> INFORMATION:
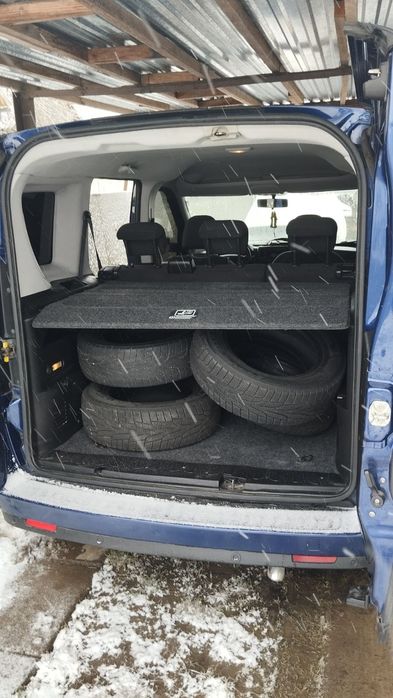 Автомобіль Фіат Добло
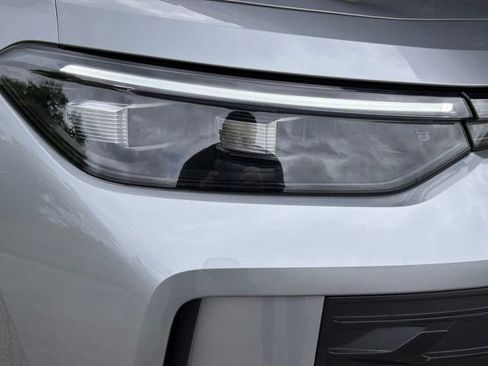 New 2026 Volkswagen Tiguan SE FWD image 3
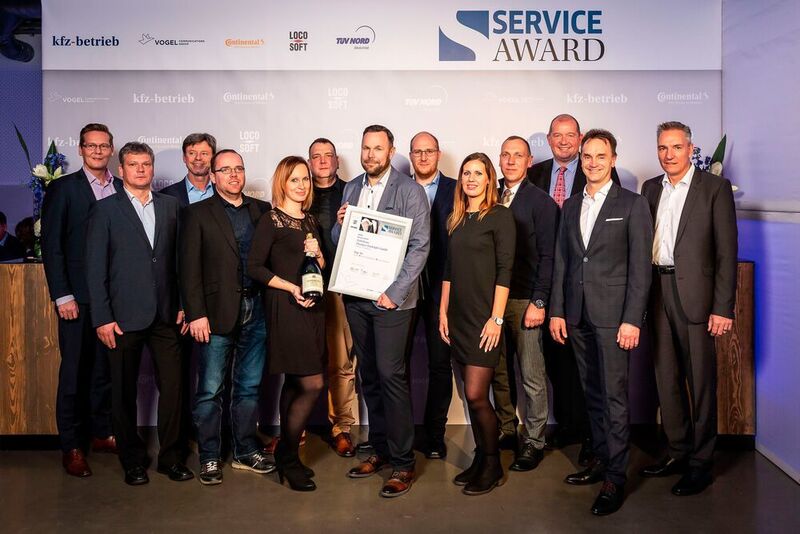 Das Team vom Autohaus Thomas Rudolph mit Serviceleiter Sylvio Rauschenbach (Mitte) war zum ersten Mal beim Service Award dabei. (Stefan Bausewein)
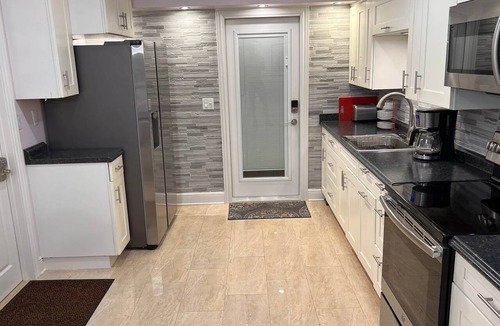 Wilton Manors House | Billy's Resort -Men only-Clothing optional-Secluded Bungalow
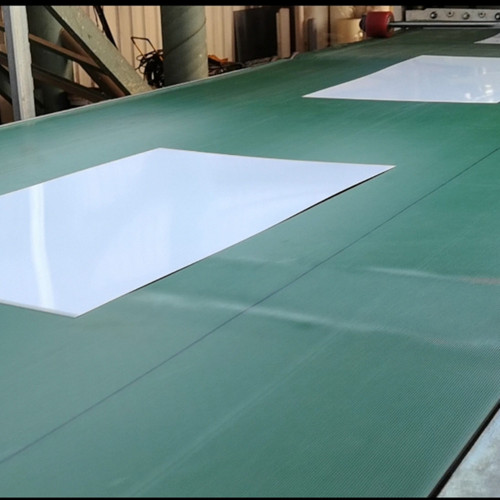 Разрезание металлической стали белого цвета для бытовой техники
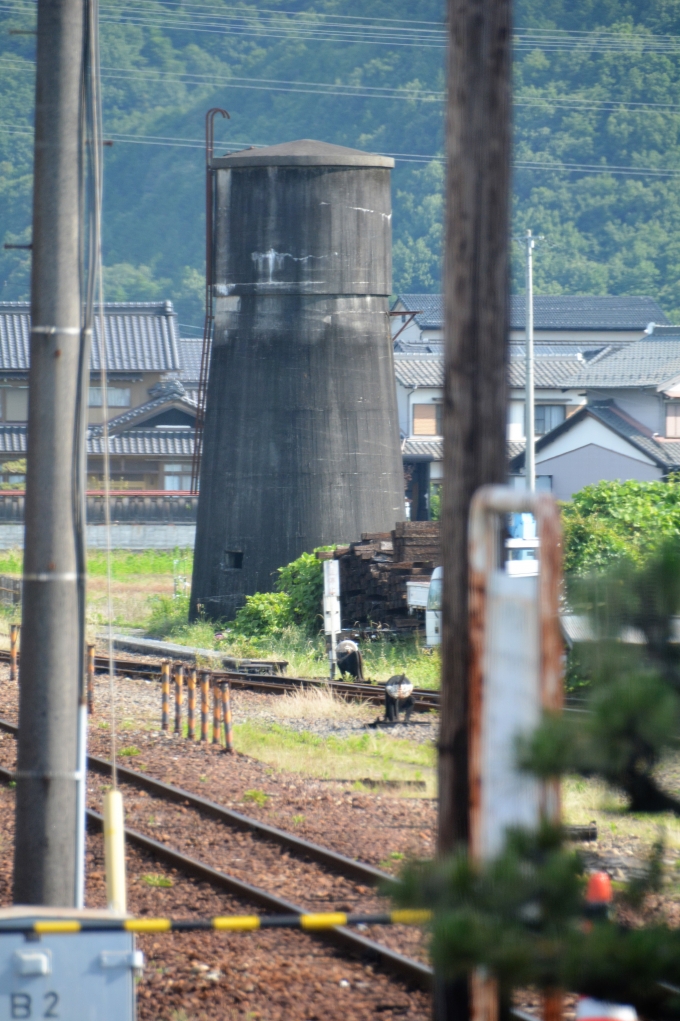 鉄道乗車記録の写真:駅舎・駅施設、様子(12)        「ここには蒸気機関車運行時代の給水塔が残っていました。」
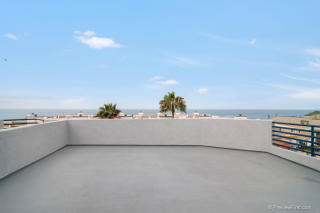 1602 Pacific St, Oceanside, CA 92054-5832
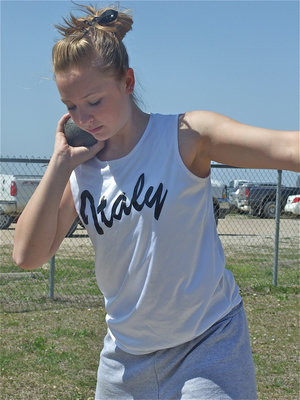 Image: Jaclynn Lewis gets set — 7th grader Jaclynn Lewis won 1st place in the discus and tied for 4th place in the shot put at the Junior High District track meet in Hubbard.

--

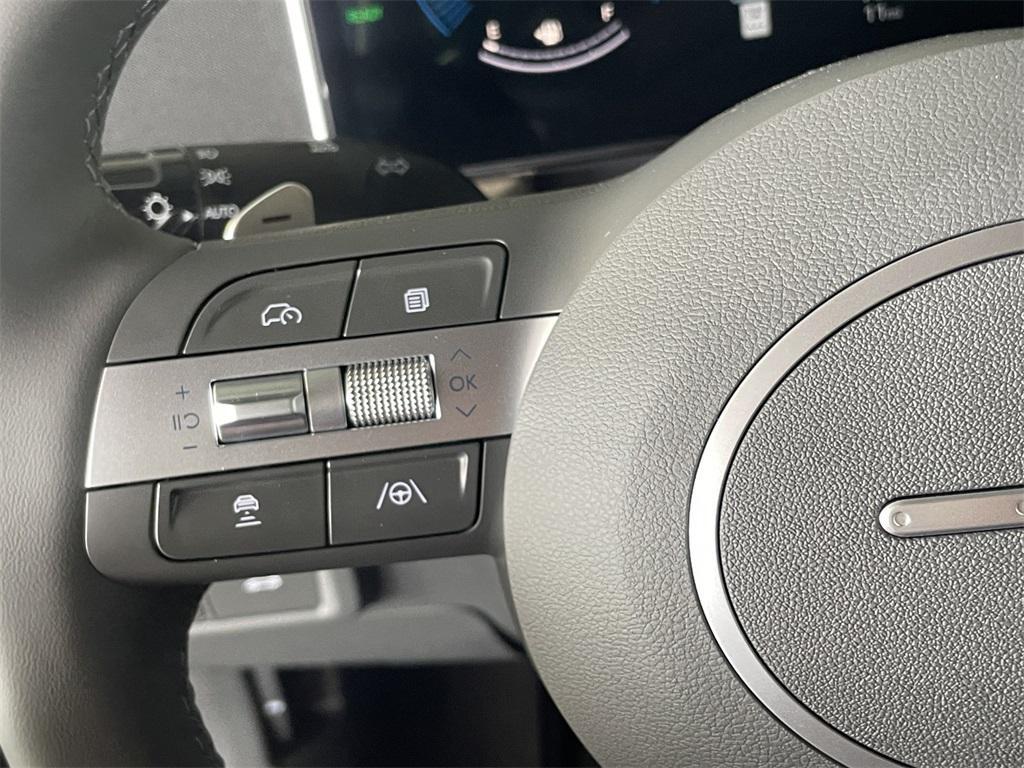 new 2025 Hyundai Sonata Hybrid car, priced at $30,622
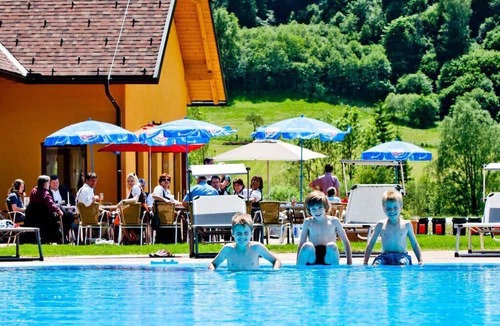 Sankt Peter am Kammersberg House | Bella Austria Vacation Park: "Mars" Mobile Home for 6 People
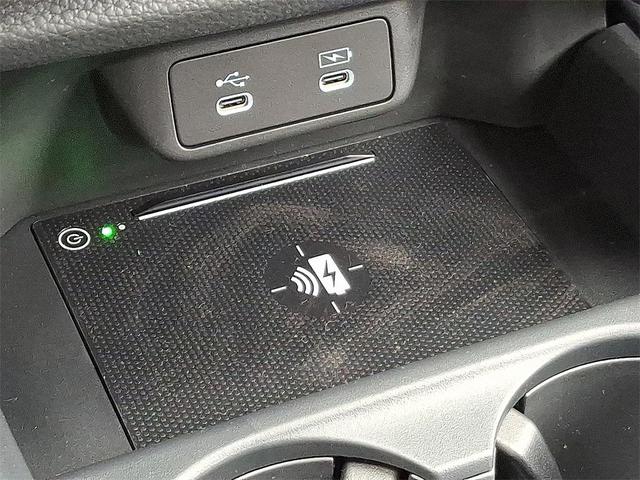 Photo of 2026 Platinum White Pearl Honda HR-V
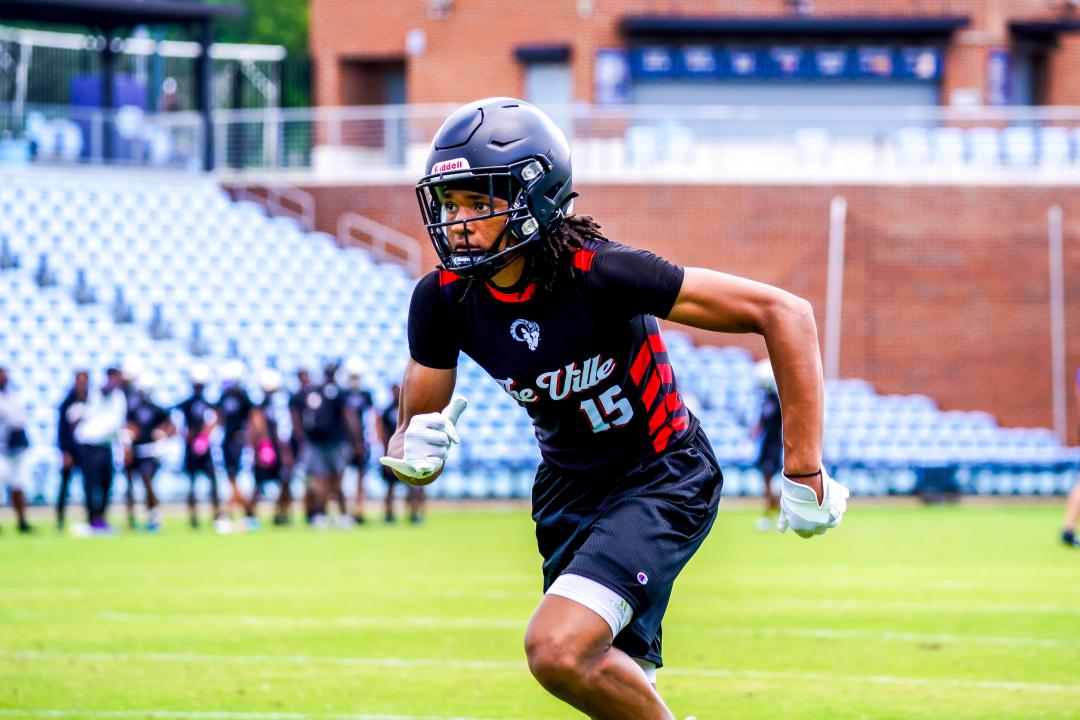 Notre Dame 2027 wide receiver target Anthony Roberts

> WHAT IS BEING ASKED: Using the listing above, reproduce word for word every line from the one containing "New 2026 Volkswagen Tiguan SE FWD image 3" through the one containing "Image: Jaclynn Lewis". Pictures must be left out.

> SOLUTION FOR THIS PROBLEM:
 New 2026 Volkswagen Tiguan SE FWD image 3
 Das Team vom Autohaus Thomas Rudolph mit Serviceleiter Sylvio Rauschenbach (Mitte) war zum ersten Mal beim Service Award dabei. (Stefan Bausewein)
 Wilton Manors House | Billy's Resort -Men only-Clothing optional-Secluded Bungalow
 Разрезание металлической стали белого цвета для бытовой техники
 鉄道乗車記録の写真:駅舎・駅施設、様子(12)        「ここには蒸気機関車運行時代の給水塔が残っていました。」
 1602 Pacific St, Oceanside, CA 92054-5832
 Image: Jaclynn Lewis gets set — 7th grader Jaclynn Lewis won 1st place in the discus and tied for 4th place in the shot put at the Junior High District track meet in Hubbard.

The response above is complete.